- Exercise brief -
Set down a true copy of the data, with all pictures left out.

- Data below -
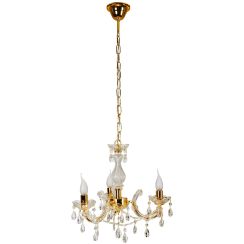Candellux Maria Teresa lampe suspendue 3x40 W doré 33-94639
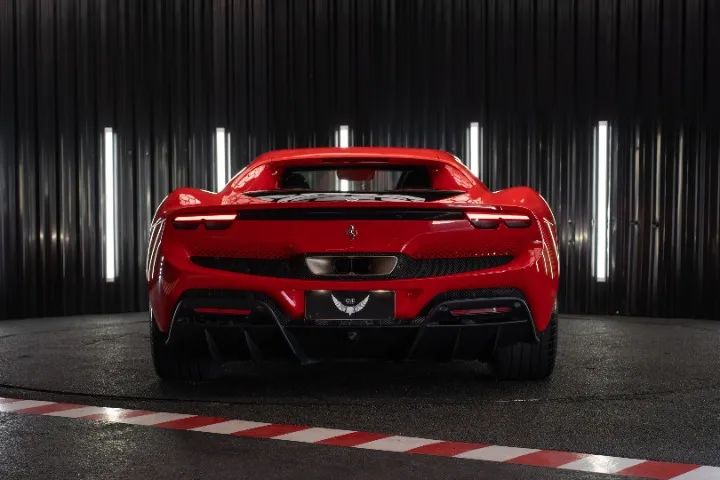 Ferrari 296 GTB (Hibrido), foto 9 de 20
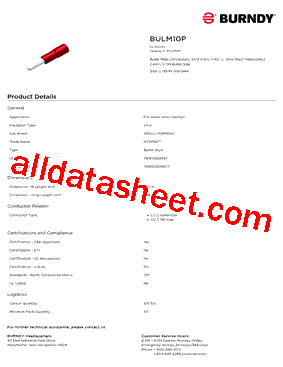 BULM10P型号图片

- Answer to the problem -
Candellux Maria Teresa lampe suspendue 3x40 W doré 33-94639
 Ferrari 296 GTB (Hibrido), foto 9 de 20
 BULM10P型号图片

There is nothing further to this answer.